The upgrade command can also perform a downgrade of Istio.
See the istioctl upgrade reference for all the options provided by the istioctl upgrade command.
istioctl upgrade --help
The upgrade command checks for upgrade version eligibility and, if eligible, upgrades the Istio control plane components in-place. Warning: traffic may be disrupted during upgrade. Please ensure PodDisruptionBudgets are defined to maintain service continuity.
I made a test on gcp cluster with istio 1.4.6 installed with istioctl and then I used istioctl upgrade from version 1.5.0 and everything works fine.
kubectl get pods -n istio-system
NAME READY STATUS RESTARTS AGE
istio-ingressgateway-598796f4d9-lvzdb 1/1 Running 0 12m
istiod-7d9c7bdd6-mggx7 1/1 Running 0 12m
prometheus-b47d8c58c-7spq5 2/2 Running 0 12m
I checked the logs and made some simple examples and no errors occurs in istiod like in your example.
Upgrade prerequisites for istioctl upgrade
Ensure you meet these requirements before starting the upgrade process:
Istio version 1.4.4 or higher is installed.

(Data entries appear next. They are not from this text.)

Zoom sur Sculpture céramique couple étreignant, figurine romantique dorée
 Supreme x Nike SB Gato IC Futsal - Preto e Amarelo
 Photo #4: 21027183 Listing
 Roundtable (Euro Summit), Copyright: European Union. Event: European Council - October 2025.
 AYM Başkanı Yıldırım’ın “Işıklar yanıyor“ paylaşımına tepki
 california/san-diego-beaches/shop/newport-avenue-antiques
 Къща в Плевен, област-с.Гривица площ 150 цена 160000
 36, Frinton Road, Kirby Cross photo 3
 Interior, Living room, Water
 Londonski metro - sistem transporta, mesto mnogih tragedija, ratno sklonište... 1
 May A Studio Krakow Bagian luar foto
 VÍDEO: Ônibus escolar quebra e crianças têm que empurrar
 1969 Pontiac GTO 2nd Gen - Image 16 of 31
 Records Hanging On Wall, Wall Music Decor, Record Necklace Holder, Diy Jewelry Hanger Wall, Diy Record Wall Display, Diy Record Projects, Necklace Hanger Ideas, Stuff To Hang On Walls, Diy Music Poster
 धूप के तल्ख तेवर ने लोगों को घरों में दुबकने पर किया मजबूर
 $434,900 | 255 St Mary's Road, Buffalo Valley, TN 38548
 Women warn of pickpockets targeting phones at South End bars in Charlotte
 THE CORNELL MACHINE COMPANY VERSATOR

Your Istio installation was installed using istioctl.
I assume because of the differences between 1.4.x and 1.5.0 there might be some issues when you want to use both of the installatio methods, helm and istioctl. The best option here would be to install istio 1.4.6 with istioctl and then upgrade it to 1.5.0.
I hope this answer your question. Let me know if you have any more questions.